不自然に感じる理由

こんにちは、ラオス滞在中のろっきいです。
ふだん日本語を教えるのに頭を使っていますので、みなさんの遣り取りを興味深く拝見しています。

「帰国してきました」それ自体はそれほど不自然な表現ではありません。

ブラジル人のサントスさんはしばらく(ブラジルに)帰国してきました。そして、いまは日本に戻っています。

「帰国する」という語に原義として「母国に帰る」という意味があるため、(ブラジルに)の部分は「馬から落馬する」のように過剰な表現です。
「ブラジルに帰ってきました」とすれば自然な表現になります。

どなたか主張した「帰国する」が動作を表すか、状態を表すかなどという問題とは関係ありません。

「してきました」の表現を検討しましょう。
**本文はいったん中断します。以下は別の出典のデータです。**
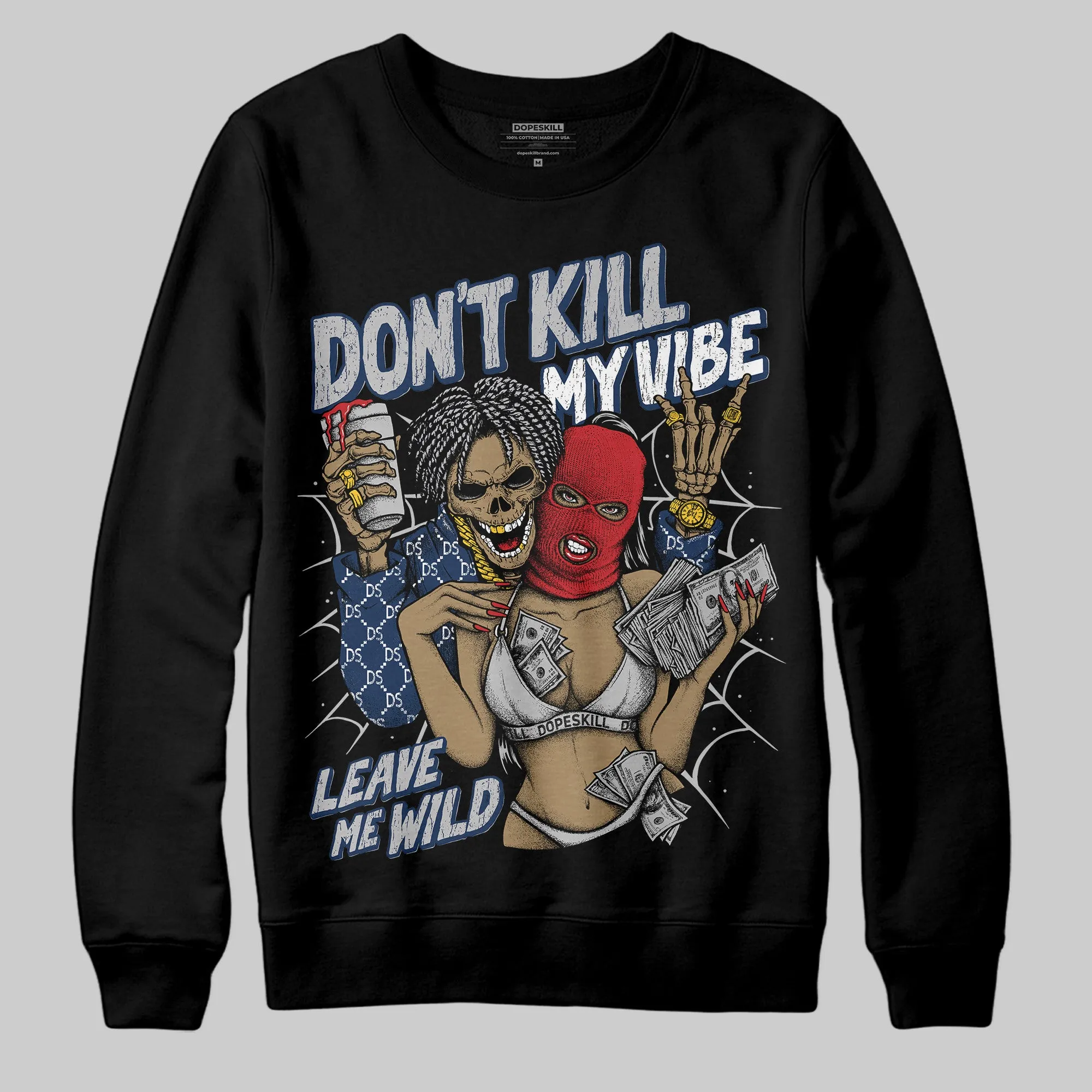 Summit White Navy 4s DopeSkill Sweatshirt Don't Kill My Vibe Graphic sold by DopeSkill product image thumbnail 2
「してきました」は、その行為を終えて(もとの場所に)戻ったことを表します。
「行ってきました」「顔を洗ってきました」「買い物をしてきました」など。
漢語に接続させるとやや不自然に感じるかもしれませんが、「旅行してきました」など、現代では普通に使われています。

「行ってきました」に対して「帰ってきました」はどうでしょうか。

「ろっきいは(日本に)帰ってきました」話し手が現在いる場所に戻ったことは同じですが、ろっきいが(現在日本にいれば)日本に帰って今はここにいる、(現在ラオスにいるなら)日本に帰って(帰るという行為を終了させて)今はここにいる、ということになります。
どちらにしても、特に不自然さはありません。

「帰国してきました」は、「帰国する」という行為を終了させて(もとの場所に)戻ったことを表現します。
ラオスで発話する場合「(日本人の)ろっきいは日本に帰国してきました」は自然な表現です。
しかし、日本で発話するなら「帰国する」行為と(行為を終えて元の場所に戻るという意味の)「・・してきました」という表現が、二重となって不自然になるのです。
「ろっきいは日本に帰国してきました」は日本以外の場所でないと、不自然な表現です。

単純に言えば、「行ってきました」と「帰国しました」とを混乱させておかしな間違いをしたというだけのことです。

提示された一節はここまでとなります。